El interés jurídico, tradicional en el amparo clásico (antes de la reforma constitucional de 2011), exigía que el quejoso demostrara que un acto de autoridad afectaba un derecho subjetivo propio, reconocido expresamente por una norma. Si no había daño directo o derecho individual violado, el amparo se desechaba sin siquiera analizar el fondo del asunto. Esta rigidez convirtió al amparo en un mecanismo elitista, accesible sólo para quienes podían acreditar formalmente una lesión concreta.

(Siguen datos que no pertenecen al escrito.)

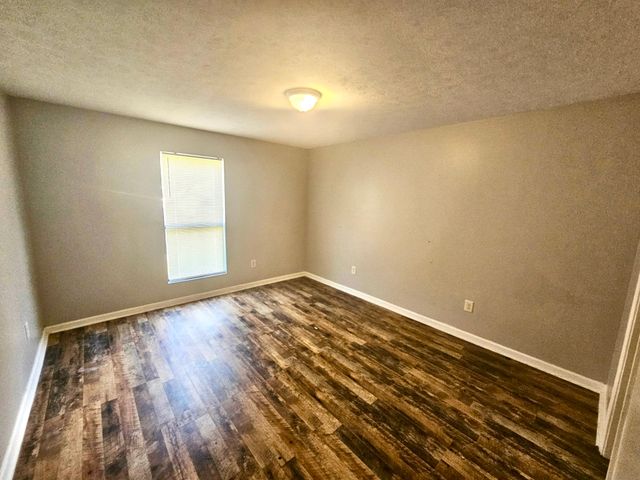 270 Tampa Dr Apt M8, Nashville, TN 37211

La reforma constitucional de 2011 cambió esa historia al introducir el interés legítimo, un concepto revolucionario que amplió el acceso a la justicia para permitir que quienes tuvieran una afectación real, aunque no directa o patrimonial, pudieran acudir al amparo. Gracias a esta evolución, los tribunales comenzaron a admitir casos relacionados con derechos difusos o colectivos, como el medio ambiente, la salud, la transparencia, la protección de datos o la participación ciudadana. Fue un paso decisivo hacia un modelo de justicia más democrática, acorde con los compromisos internacionales asumidos por México en materia de derechos humanos.

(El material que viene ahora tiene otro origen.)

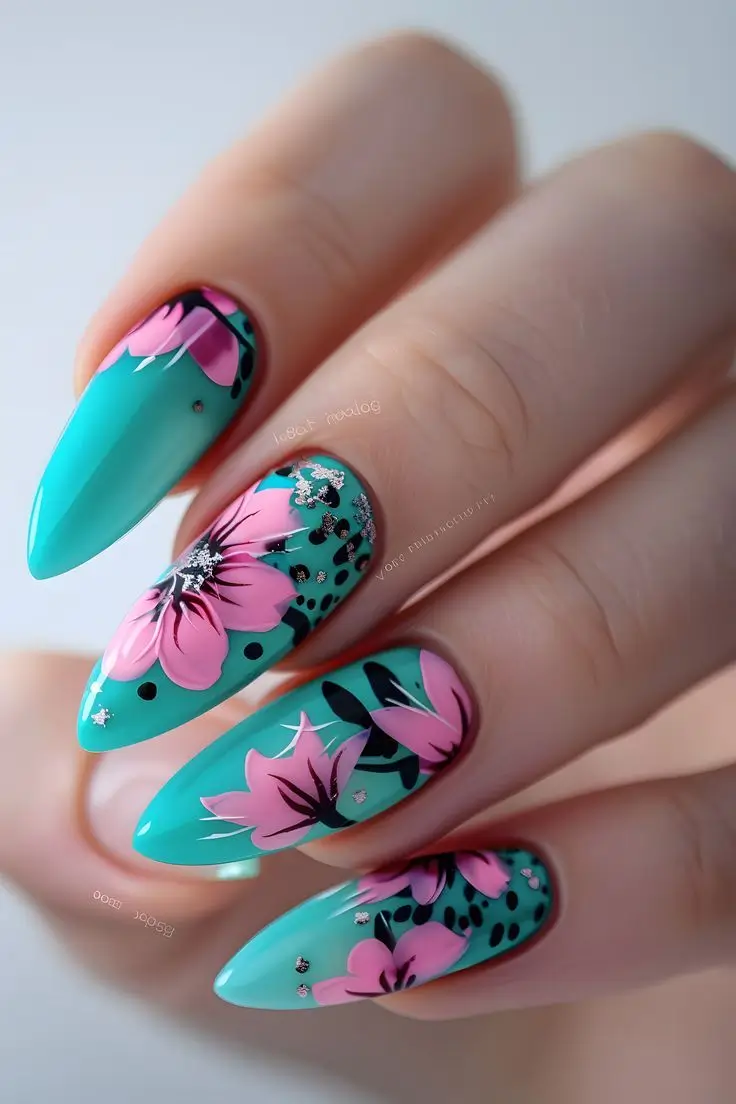 Летний нейл-арт 2025: 15 модных идей маникюра на жаркий сезон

Lo que ahora propone la ministra Esquivel —y que encuentra eco en la reciente reforma a la Ley de Amparo impulsada por el Ejecutivo— es un retroceso doctrinal de más de una década. Si las asociaciones deben demostrar una afectación personal o una dependencia directa del ecosistema, el interés legítimo desaparece en los hechos: se vuelve idéntico al interés jurídico. En lugar de garantizar el acceso amplio a la justicia, la Corte lo está volviendo a encerrar detrás de un muro de tecnicismos.

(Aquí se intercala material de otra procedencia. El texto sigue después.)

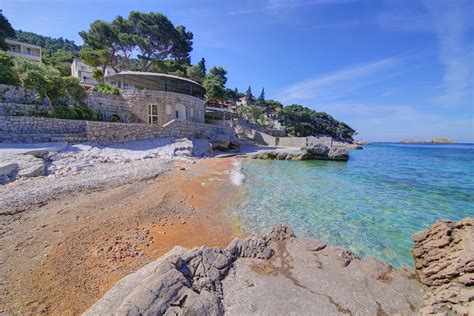 We have prepared a detailed guide to make your vacation in dubrovnik easier with some insider tips which you won't find everywhere. Dubrovnik, Hôtel Splendid 3* - Bemextours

El argumento formalista es que los amparos deben reservarse a quienes prueben una “afectación tangible”, pero esta exigencia contradice la naturaleza misma del daño ambiental, que es difuso, expansivo y de consecuencias colectivas. Nadie puede decir que el deterioro del aire, del agua o de los bosques no lo afecta. Limitar quién puede defender el medio ambiente equivale a negar su carácter público y compartido.
Este nuevo paradigma amenaza con borrar décadas de jurisprudencia progresista. Casos que antes fueron admitidos —como los amparos contra el Tren Maya, la Refinería Dos Bocas o proyectos mineros contaminantes— podrían ahora considerarse improcedentes si los promoventes no demuestran que viven justo sobre el territorio afectado. El impacto sería devastador para el activismo ambiental, las organizaciones ciudadanas y las comunidades que dependen del apoyo jurídico de estas asociaciones.
Además, este retroceso contradice instrumentos internacionales como el Acuerdo de Escazú, que obliga a los Estados a facilitar el acceso a la justicia ambiental y no a obstaculizarlo. También ignora el principio de precaución, que establece que la falta de certeza científica no puede usarse como pretexto para postergar medidas de protección ambiental. México se comprometió ante el mundo a garantizar el derecho a un medio ambiente sano, pero en su propia Corte está construyendo barreras para impedirlo.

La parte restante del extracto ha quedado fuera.